Let me be clear- Sandals Resorts Ltd IS NOT the problem. The concessions granted to Sandals are NOT the problem. The problem is that we are promoting self-destruction of LOCAL businesses by making it IMPOSSIBLE for them to compete, not only in the Caribbean, but in our OWN country! Local businesses CANNOT survive if we have to play with one hand tied behind our back! Does this mean that tomorrow all businesses in Barbados will go bankrupt? No, but it means a long, slow and painful death for ALL local businesses competing in the tourism sector- which is the major driver of the economy! Furthermore, the 150 work permits we are told have been granted to Sandals means 150 foreigners coming and taking Bajan jobs. These kind of grants have never occurred in the HISTORY of Barbados or to the writers knowledge in any sector, far less the tourism sector.
What next? Once concessions are granted to a huge international chain like Sandals, they (the Barbados government) have no grounds on which to reject any other large hotel chain that decides to enter our country or for that matter any other large tourism related company? Where is the line and where does this bloody rollercoaster ride end? The way it is going – the future may very well end up in the hands of foreign billionaires, taking the occasional trip over in their private jets to see how their empire is going. These people will not care intimately about Barbados the way we locals do. They won’t treasure what we treasure and they won’t care. They will be seeking new ways to make bigger year end profits. This is unlike local Bajan owners who care for our island. (This is not pointing a finger at Sandals. Simply pointing out where we may be heading.)
What steps does the Barbados Government need to take to soften the matter and put Bajan hearts at ease? They need to give ALL these concessions to ALL local hotel businesses. This will invigorate and promote local growth from within, keeping our jobs and profits LOCAL.

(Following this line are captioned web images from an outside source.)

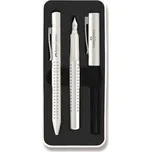 Dárková psací sada plnicí + kuličkové pero Faber-Castell Grip 2010 - bílá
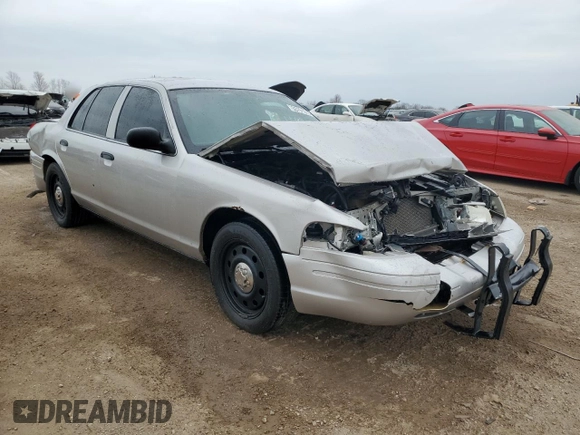 2008 Ford Police Interceptor with VIN 2FAFP71V28X131278, listed as a Copart auction lot 53791315 with 166,096 mi miles and Salvage title. Bid and sale history available at DreamBid. Image 4.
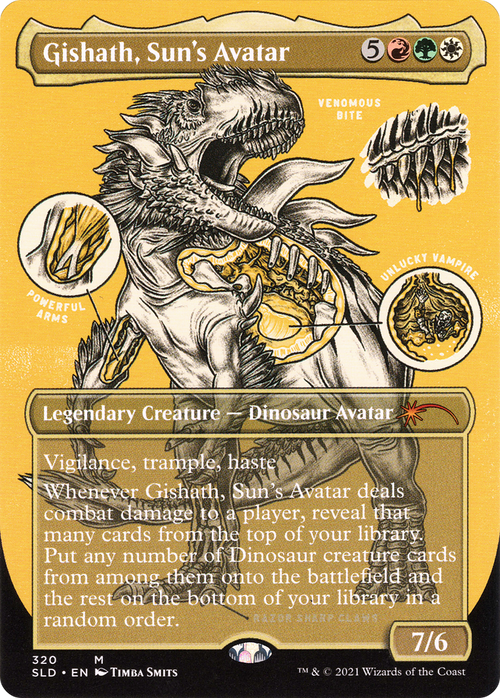 Gishath, Sun's Avatar (SLD-320) - Secret Lair Drop (Borderless)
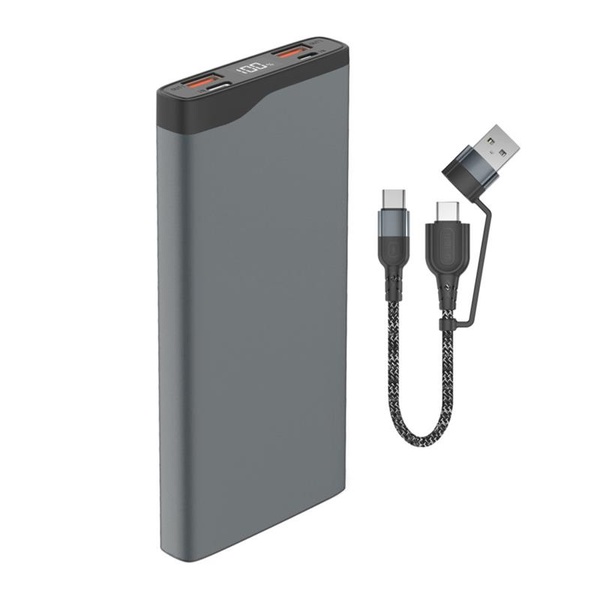 Універсальна мобільна батарея 4smarts VoltHub Pro 10000mAh 22.5W with Quick Charge, PD gunmetal *Select Edition* VoltHub Pro 10000mAh фото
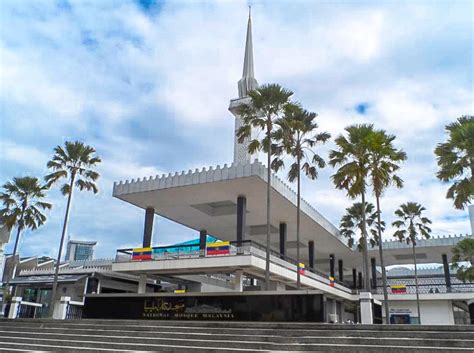 Visiting the National Mosque of Malaysia in Kuala Lumpur - She Wanderlusts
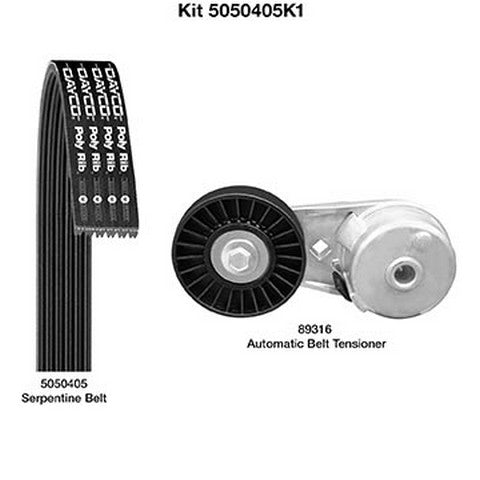 Serpentine Belt Drive Component Kit Dayco 5050405K1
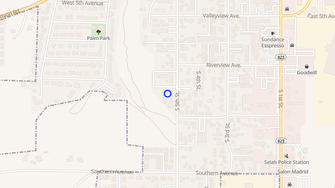 Map for Selah Park & Park Village Apartments - Selah, WA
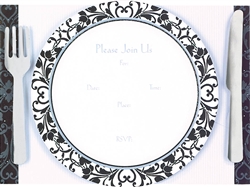 Dinner Party Foil Specialty Invitations | Party Supplies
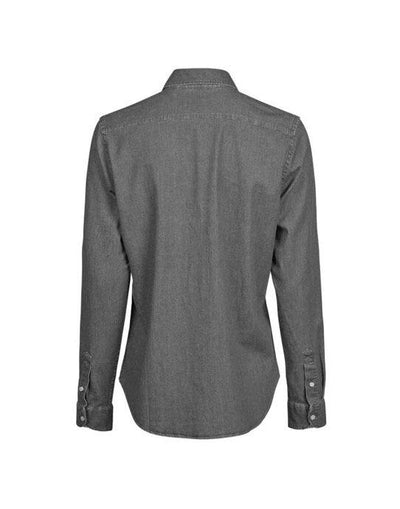 Tee Jays TJ4005 Ladies Denim Shirt - Black Denim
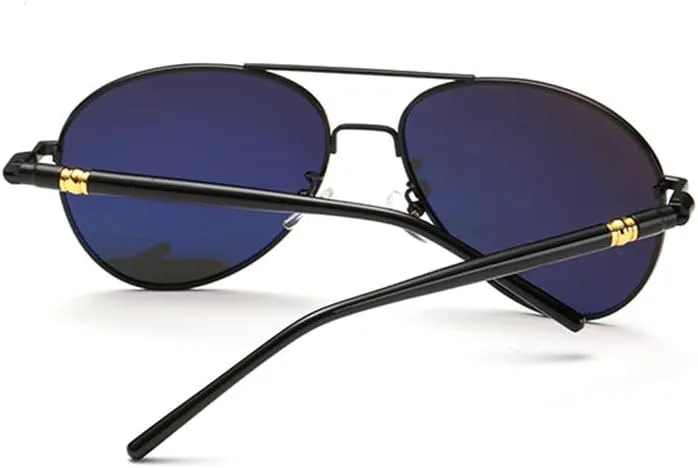 

Поляризованные солнцезащитные очки для мужчин и женщин, защита от ультрафиолета UV400, очки для вождения, винтажные черные очки для мужчин и женщин VFDHN, 3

We as a people have been very conservative in relation to political matters in the past. This is a time when we ALL need to take a stand for the people of Barbados, for our jobs, our families and our lifestyles. There is NO line we shouldn’t be willing to cross. We DESERVE these concessions and we DESERVE a level playing field. Being relentless in our demand is the only way we will achieve justice for the Barbadian people.